[PATCH v2 1/2] kernfs: Make it possible to use RCU for kernfs_node::name lookup.

From: Sebastian Andrzej Siewior
Date: Tue Nov 12 2024 - 11:54:14 EST


Instead of using kernfs_rename_lock for lookups of ::name allow to use
RCU protection for lookup. Rely on kn's kernfs_root::kernfs_rwsem for
update synchronisation.

KERNFS_ROOT_SAME_PARENT is added to signal that the parent never
changes. kernfs_rename_ns() checks that flag and if it is seen, it
ensures that the parent is the same and then does not acquire
kernfs_rename_lock during parent/ name assignment and updates only the
name attribute. Without the flag, the update is performed as always.

kernfs_name_rcu() is a copy of kernfs_name() which is using RCU
protection while accessing the kernfs_node::name. Both functions
validate the KERNFS_ROOT_SAME_PARENT flag.

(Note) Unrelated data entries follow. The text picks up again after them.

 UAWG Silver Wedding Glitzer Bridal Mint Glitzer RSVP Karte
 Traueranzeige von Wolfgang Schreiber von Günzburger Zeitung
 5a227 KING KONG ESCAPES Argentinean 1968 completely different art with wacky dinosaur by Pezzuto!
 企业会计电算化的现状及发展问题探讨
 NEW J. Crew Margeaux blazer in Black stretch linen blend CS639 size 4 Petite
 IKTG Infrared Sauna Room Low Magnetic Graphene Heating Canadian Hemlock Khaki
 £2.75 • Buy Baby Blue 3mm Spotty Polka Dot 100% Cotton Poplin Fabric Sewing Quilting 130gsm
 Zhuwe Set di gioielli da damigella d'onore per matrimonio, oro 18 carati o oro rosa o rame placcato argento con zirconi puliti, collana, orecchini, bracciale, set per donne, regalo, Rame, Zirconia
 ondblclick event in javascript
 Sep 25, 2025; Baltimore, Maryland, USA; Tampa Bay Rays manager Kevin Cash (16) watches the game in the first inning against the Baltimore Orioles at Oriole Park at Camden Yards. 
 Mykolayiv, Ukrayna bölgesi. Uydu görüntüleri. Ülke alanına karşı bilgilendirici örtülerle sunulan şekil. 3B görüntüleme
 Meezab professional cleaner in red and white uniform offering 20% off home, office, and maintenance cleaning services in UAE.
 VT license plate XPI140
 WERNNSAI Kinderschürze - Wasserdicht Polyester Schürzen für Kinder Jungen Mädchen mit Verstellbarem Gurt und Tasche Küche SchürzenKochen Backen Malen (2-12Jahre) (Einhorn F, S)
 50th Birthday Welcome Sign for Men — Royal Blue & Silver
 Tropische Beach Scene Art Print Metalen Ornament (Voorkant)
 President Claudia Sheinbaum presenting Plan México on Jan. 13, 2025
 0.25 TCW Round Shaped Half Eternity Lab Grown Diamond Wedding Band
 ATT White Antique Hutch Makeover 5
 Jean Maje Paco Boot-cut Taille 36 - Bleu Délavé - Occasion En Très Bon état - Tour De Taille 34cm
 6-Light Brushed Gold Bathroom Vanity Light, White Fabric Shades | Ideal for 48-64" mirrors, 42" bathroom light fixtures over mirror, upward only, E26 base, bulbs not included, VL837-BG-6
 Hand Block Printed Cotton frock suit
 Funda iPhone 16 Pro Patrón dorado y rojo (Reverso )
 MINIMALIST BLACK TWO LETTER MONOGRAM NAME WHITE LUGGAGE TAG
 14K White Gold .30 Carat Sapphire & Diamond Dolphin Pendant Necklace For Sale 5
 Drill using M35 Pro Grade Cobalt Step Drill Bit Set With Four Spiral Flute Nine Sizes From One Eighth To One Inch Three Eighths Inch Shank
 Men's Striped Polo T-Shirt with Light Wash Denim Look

The same is true for
kernfs_path_from_node() and kernfs_path_from_node_rcu().

Suggested-by: Tejun Heo <tj@xxxxxxxxxx>
Signed-off-by: Sebastian Andrzej Siewior <bigeasy@xxxxxxxxxxxxx>
---
fs/kernfs/dir.c | 151 ++++++++++++++++++++++++++++++-----------
include/linux/kernfs.h | 23 ++++++-
2 files changed, 133 insertions(+), 41 deletions(-)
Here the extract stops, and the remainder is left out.